Agnieszka Stachura is working towards a Master of Arts in Liberal Studies degree at Duke University. Her work has appeared in both Tiny Lights: A Journal of Personal Narrative and in The Funny Times, and is forthcoming in both Swink and in Passages North.

Mrs. Turchin

When I was a little girl, I used to spy on a family that lived down the street, four or five identical houses away, at the end of a long stretch of unfenced backyards all running together like the blurred memory of childhood. They had one child, a daughter, somewhat older than me, and they’d augment their small family on long Sunday afternoons, from a pool of local cousins whom they’d invite over for backyard picnics. Too shy, too awkward to try and join them, too—I don’t know—the opposite of proud—to simply stay away, I’d creep as close as I dared, close as a feral cat, slinking past the mulberry tree shading the next door neighbor’s patio, to the hedges that he’d planted for privacy. There I’d crouch, breathing air heady with the sweet smell of berries crushed on concrete, curled like a question mark behind a screening juniper bush, exposed just enough to be seen.

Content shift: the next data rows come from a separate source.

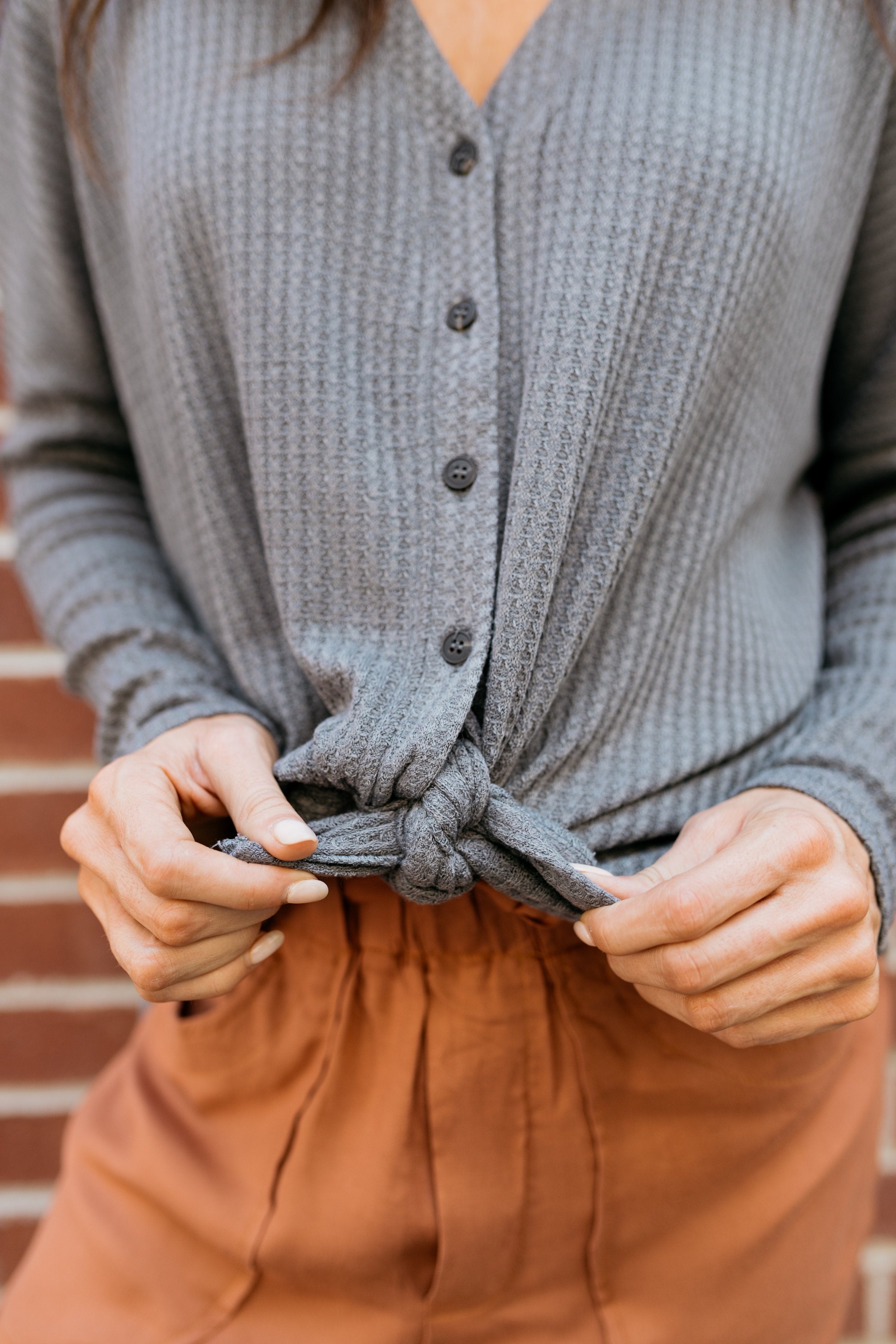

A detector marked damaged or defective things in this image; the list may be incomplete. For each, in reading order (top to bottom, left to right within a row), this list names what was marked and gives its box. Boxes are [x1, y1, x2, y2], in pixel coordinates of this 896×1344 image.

rust linen short [0, 878, 884, 1338]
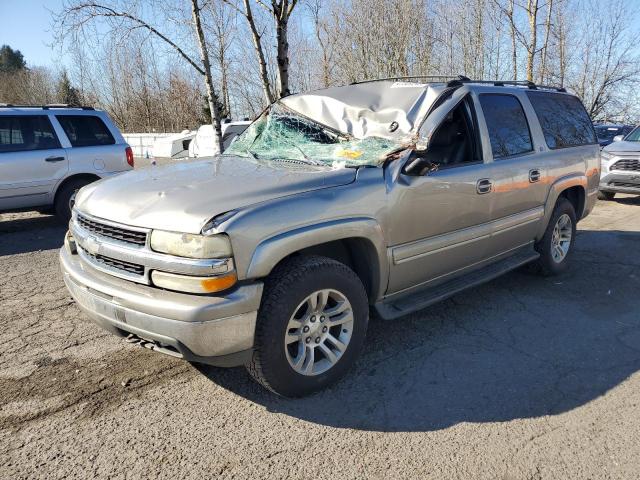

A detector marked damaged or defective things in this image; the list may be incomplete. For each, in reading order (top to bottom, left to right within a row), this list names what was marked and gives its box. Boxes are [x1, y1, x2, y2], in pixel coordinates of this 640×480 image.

shattered windshield [222, 102, 398, 167]
dented hood [280, 80, 444, 140]
dented hood [75, 156, 358, 234]
damaged chevrolet suburban [60, 79, 600, 396]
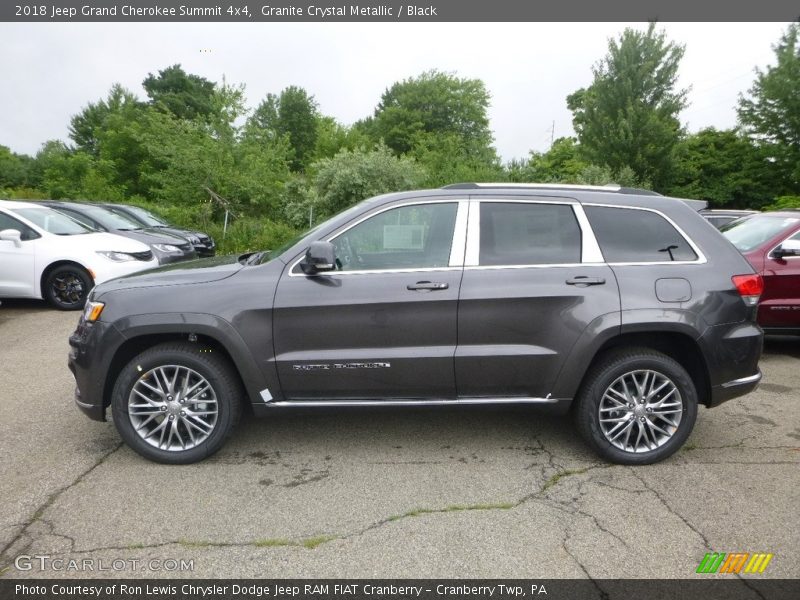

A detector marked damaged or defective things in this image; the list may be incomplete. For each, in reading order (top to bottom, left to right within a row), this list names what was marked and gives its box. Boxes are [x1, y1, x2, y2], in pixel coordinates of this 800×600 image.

From there I could stare down the long expanse of lawn at the busy scene, adults and children milling together around a round wooden table with a bright striped umbrella, and a tablecloth anchored by heaping platters. Some children held plates; others ran in a pack in the grass; a man bent over a grill. I remember the smells and the sounds coming to me, the bursts of laughter, the whiff of grilled meat, making my mouth water, leaving me aching with hunger, filled with an unnamable longing

Eventually, inevitably, after an eternity of waiting punctuated by brief, strategic forays onto the grass, an emissary, usually the daughter, Carol or Linda, I forget her name, would break from the group and come jogging slowly towards me, all legs and ponytail, arms swinging. She’d stop in front of me, fidgeting, toeing the grass with one sneakered foot, delivering her scripted lines in one obedient breath; “My mom wants to know do you want to come over?” And suddenly desperately nonchalant, shrugging, demure, I would reply that I didn’t know, that I’d have to check, as though I were considering other options, as though I were in high demand, as though I were the one granting the favor.

Then I would turn and start for home, sauntering at first, while I could still be seen, gathering speed round the corner of my next door neighbor’s house, scrambling over the low concrete embankment that separated my back yard from the endless plain of backyards, straightening up and running now, flat out, across my own lawn and my own tiled patio, bursting through the screen door and into the cool quiet of my living room to stop and shout into the emptiness, urgent, panting –“can I go to the Turchins’ house?”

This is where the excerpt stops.